Maternity Insurance For Pregnant Women Who Have No Coverage
Maternity Insurance For Pregnant Women without Coverage -
Are you one of the many women who “accidentally” got pregnant and found themselves without maternity insurance? Or maybe you just didn’t have any medical coverage at all when you found out you were expecting…
No matter what the circumstance, once you are diagnosed with pregnancy, no insurance plan will touch you, at least not with a maternity plan… So, you’re basically SOL!
Or, so I thought when we found out we were expecting to our very stupefied surprise! I mean, I am 41 and never thought that anything would come out from my five-minute delusional idea that we should have a second child.
I hear horror stories of women in their late 30′s or early 40s trying for months to get pregnant, often with no results…. But, oh, no, not us! In the blink of an eye, there we were with another baby on the way, totally unprepared, no maternity coverage, and no idea what to do about it.
So, I did something I am usually good at — I dove into my computer and did some research! And this is what I found:
There is a maternity insurance offered through a plan called Pre-Existing Condition Insurance Plan, which is a new option that was implemented by the Affordable Care Act. It’s from the government, but it is like a private insurance, which you pay monthly, just like you would any other insurance.

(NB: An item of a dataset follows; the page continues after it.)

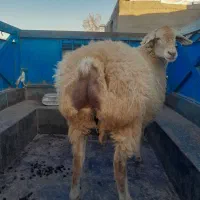 گوسفند ‌شیشک ‌اصل‌مغان‌|حیوانات مزرعه|ارشق, |دیوار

To qualify, you must have a pre-existing condition, which in this case is pregnancy, of course, and have been without health coverage for at least 6 months, no matter what your income is.

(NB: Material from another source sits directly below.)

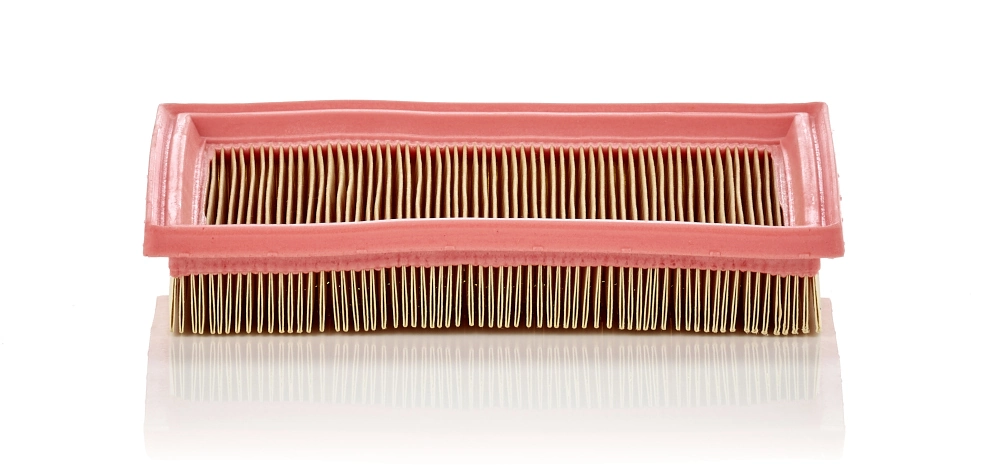 MANN FILTER C2244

So, the best way to get approved for PCIP coverage, as I found from personal experience, is to apply after you obtain a letter from any insurance company stating that you’re denied coverage because of your pregnancy condition.

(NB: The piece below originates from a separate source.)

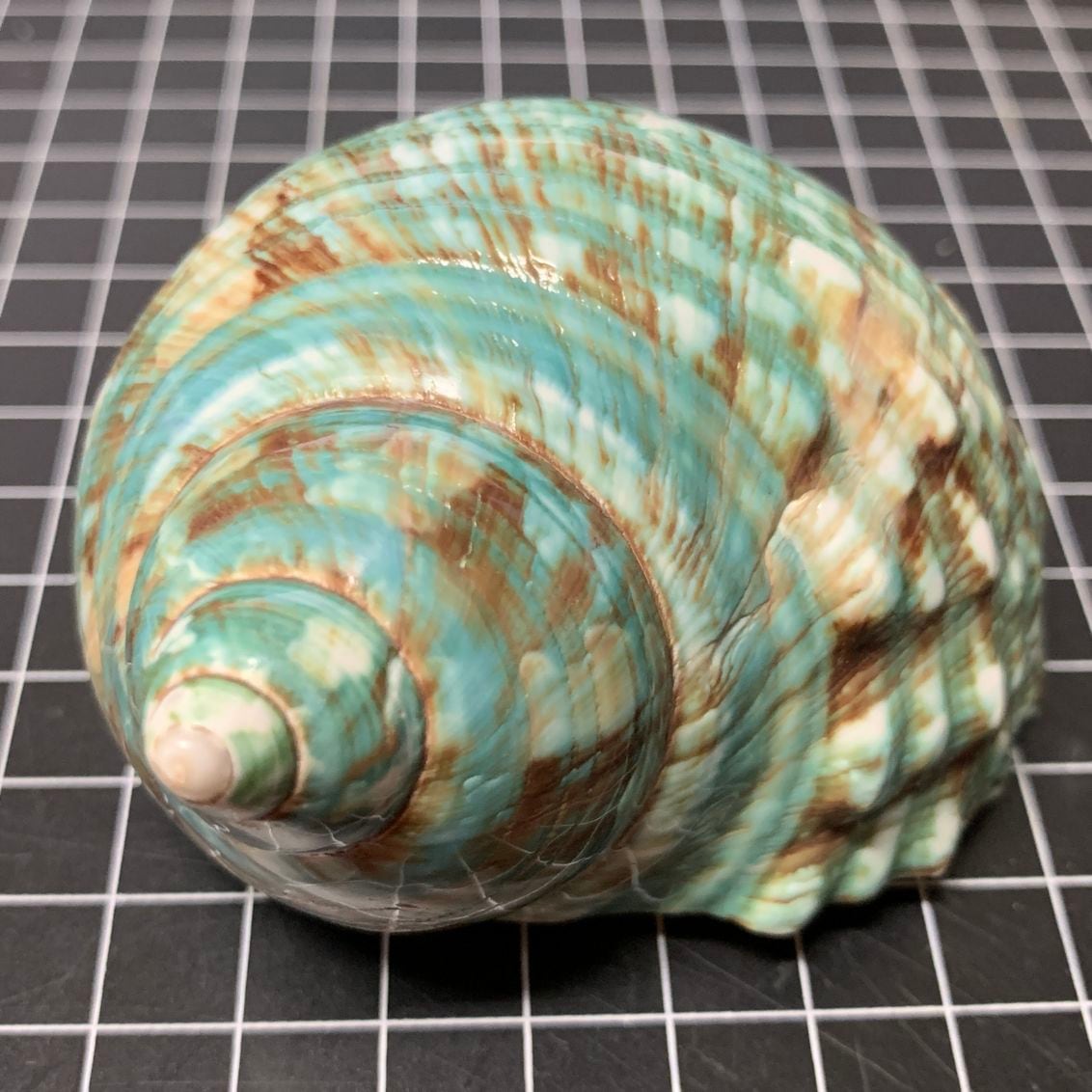 緑サザエ 7.3cm【写真の貝殻】 | すべての商品 | やどかり屋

The best way to do this is by applying for any regular insurance (Cigna, AvMed, United Healthcare, etc… and you can even do this online) and be sure to let them know you are pregnant. You should soon get a letter telling you that you’ve been denied because of the pregnancy.
Then, you send a copy of this letter together with your application (plus proof of residency or US citizenship – passport, birth certificate, etc…) to the PCIP address – which is provided on the website application page- and you should be approved within a few weeks.
You can apply online by filling out a very short and easy application at this url: https://www.pcip.gov/How_to_Apply.html. Once approved, you just send in a check for your first month’s premium, which is about $200 – $300, depending on your age and what state you live in. (You’ll get a letter letting you know you’ve been approved along with instructions on where to send your payment and how much it is.)
Unfortunately, some states don’t offer PCIP yet, but there are other options you can explore on the website. Of course, if you have very minimal income, you may qualify for Medicaid, something you can also look into on the PCIP website. - they have information on all your options if you can’t get into the PCIP plan.
Go to PCIP.gov for more info on all your options and to apply. The coverage is pretty similar to what regular insurance covers as far as doctor visits, meds and hospital stays.